My National Post column honors Canada's first Prime Minister.
This may come as a surprise to the 60% of Canadians who cannot recognize a photo of John A. Macdonald, but the bicentenary of the pre-eminent Father of Confederation is rapidly approaching. Jan. 11, 2015, will be the day. How should it be marked?
My Prince Edward County, Ont., neighbours have an idea.
Macdonald spent about 11 years of his early life in or near the county. Macdonald, whose parents brought him to Canada from Scotland at the age of five, began his practice of law in the county seat, the town of Picton (then called Hallowell). In 1835, Macdonald moved to Kingston and launched there his political career.

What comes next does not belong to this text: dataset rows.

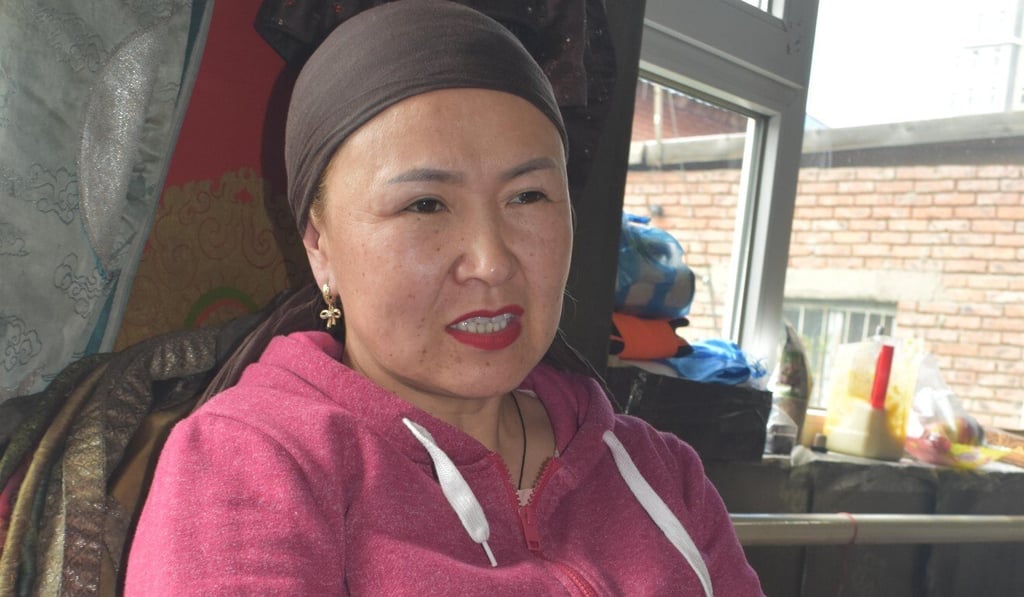 Enkh-Ouyn Byambadorj, a shaman. Photo: Antonio Graceffo Enkh-Ouyn Byambadorj, a shaman. Photo: Antonio Graceffo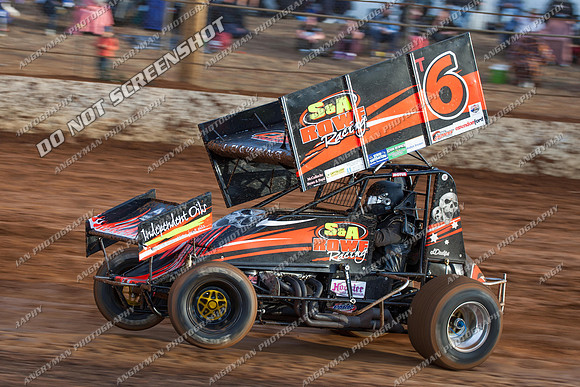 sprintcar 6 t6 t06 jason dawkins - 24 - Carrick - 9th Feb 2013-8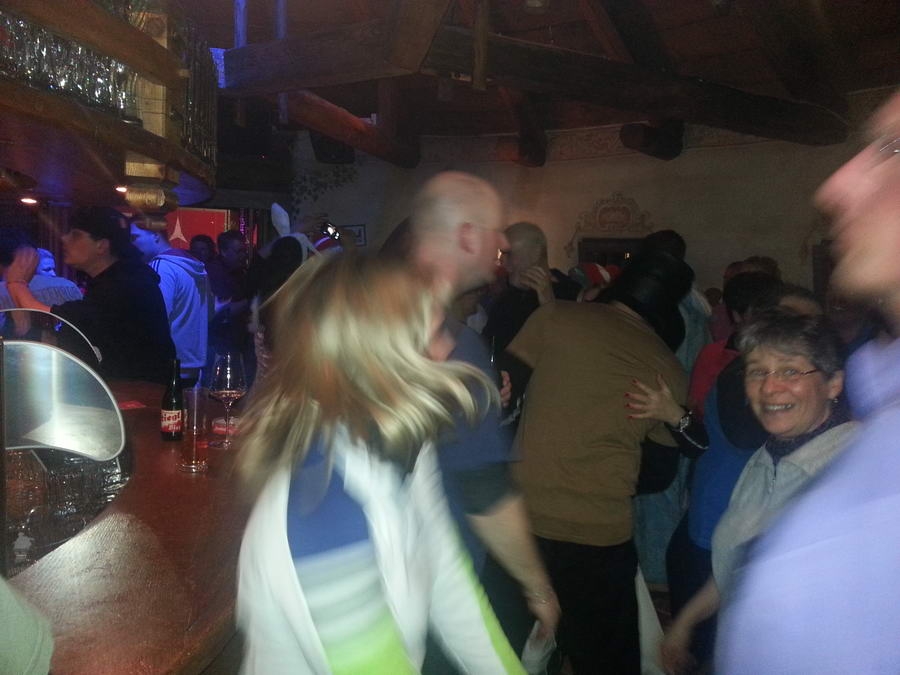 06- Sonne, Flachauwinkel,  Apresski 181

The rest, as they say, is history.
Prince Edward County has preserved important relics of its most distinguished resident. The courthouse in which Macdonald argued his first case still stands. (The case arose from a scuffle in front of a local tavern. Embarrassingly, Macdonald was not only the advocate in the case, but also the defendant. Had he lost, he would have forfeited his right to practice law, and who knows how that would have altered the course of Canadian history.) Instead, Macdonald became an attorney four months later while running his cousin’s law office in downtown Picton.
Now the town of Picton is considering an ambitious new plan to honour Macdonald: a bronze statue of Macdonald as a young lawyer. The plan has been forcefully advocated by David Warrick, a champion of county preservation and renewal. Warrick, who taught humanities at Toronto’s Humber College, lives now in the house that once belonged to Judge Edwards Merrill, son of one of Macdonald’s local legal competitors back in the 1830s.
The Macdonald Project of Prince Edward County has collaborated with Ruth Abernethy, the artist who produced the sculpture of Glenn Gould located in front of the CBC building on Toronto’s Front Street.
Abernethy’s sculptures are realistic, but she is not interested in reproducing the solemn 19th-century bronzes that seem nowadays to serve mainly as plinths for pigeons. Her work invites the viewer to approach, to touch, to interact. The Gould statue, for example, captures the great musician in cap and coat, slouching on a park bench, turned toward the adjoining seat — as if waiting for a passerby to sit and join him. Which is exactly what happens, as pedestrians and tourists stop and have their photos taken.